Transcribe exactly, and only, the lines running from the one that contains "So what I did" through the last line of the material. No pictures.

(Beginning of Exercise data)

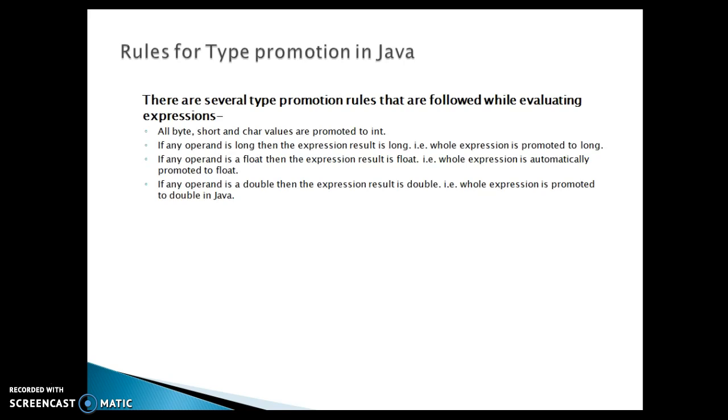Now third rule - if any operand is a float then expression result is float, whole expression is automatically promoted to float. Similarly if any operand is double then expression result is double, whole expression is promoted to double in Java.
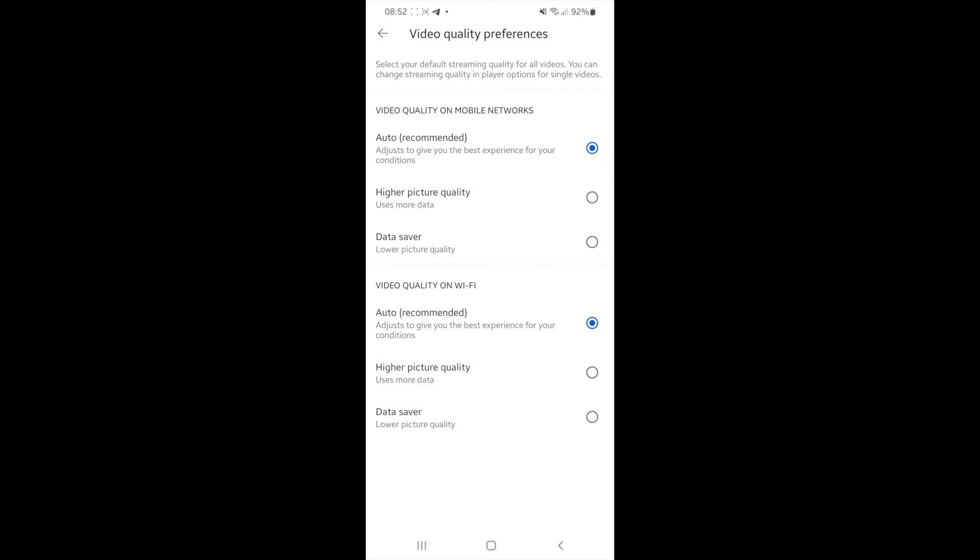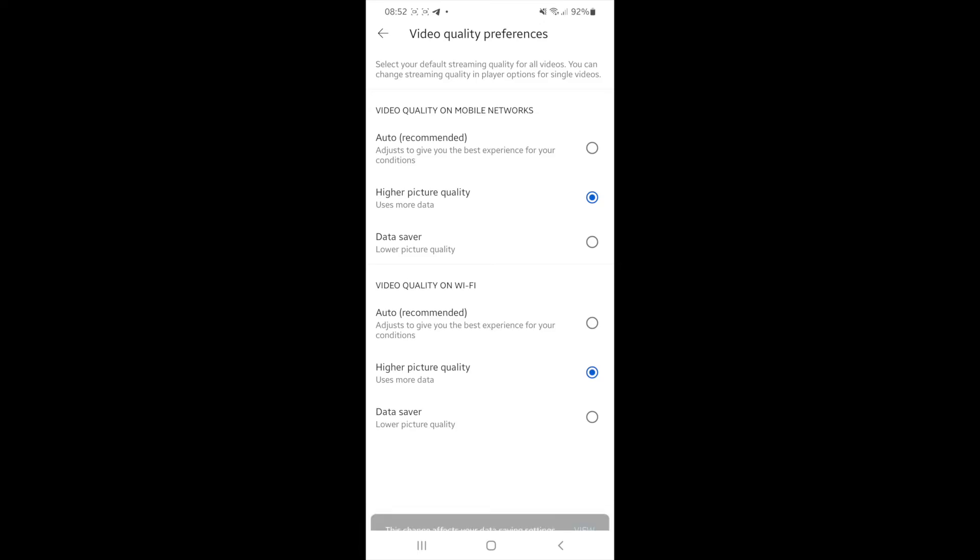So what I did is I clicked on higher picture quality on both of these options here. You can do it on one or the other or you can do it on both. It's entirely up to you, but for me, I put on both.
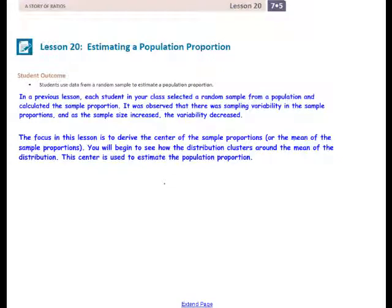This is Mrs. Appiah with Lesson 20, Estimating a Population Proportion. The student outcome for this lesson is that students use data from a random sample to estimate a population proportion.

(End of Exercise data)

*Result of the exercise*
So what I did is I clicked on higher picture quality on both of these options here. You can do it on one or the other or you can do it on both. It's entirely up to you, but for me, I put on both.
This is Mrs. Appiah with Lesson 20, Estimating a Population Proportion. The student outcome for this lesson is that students use data from a random sample to estimate a population proportion.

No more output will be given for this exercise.